Now this plant has subtlety, though not in the scent department, with a strong, foxy smell from these lovely, crinkled oak-like leaves with a maroon spodge on them. The foliage is upright and strong, and the flowers are really charming, with coral stamens. I was so lucky with this cutting. I had forgotten about this plant until literally the morning we left, when I dashed out and cut a piece, which amazingly took and is a sturdy plant now. I will bring it under cover, though still outside, as it can take a bit of cold but not winter wet.
This Salvia chamelaeagnea is new to me, bought from le Jardin de Champêtre, in Caunes-Minervois. It has tight, bushy leaves in a bright green, and so is quite unSalvia-like to look at. Again, it has a strong woody smell when you crush the leaves, and the bi-coloured flowers in soft blue and yellow are a lovely surprise. It doesn’t look hardy but it is. So here goes.

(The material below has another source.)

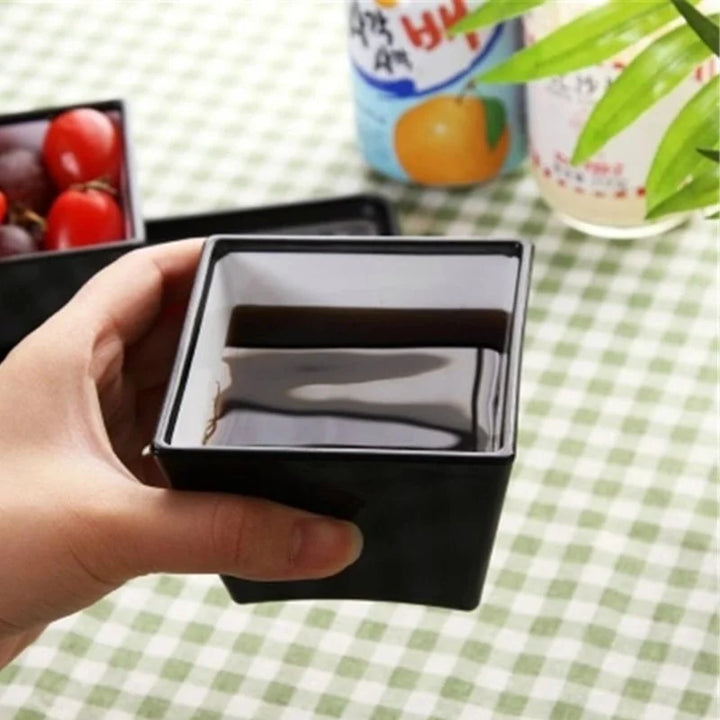 3er Set Schüsseln lustige Schlüssel Strg Alt Entf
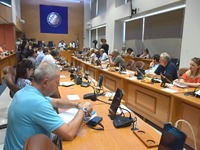 Αυτά είναι τα μέτρα που ανακοινώθηκαν γι...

And this lovely coral and cream Salvia coccinea ‘Summer Jewels Pink’, which is easy to grow from seed, though I bought these from a lovely lady selling bio produce in the market, has been flowering like a train for the past three weeks. Vast amounts of seed seem to be produced, so I’ll try with my own seed before maybe buying any. And this is a terrific annual plant to grow.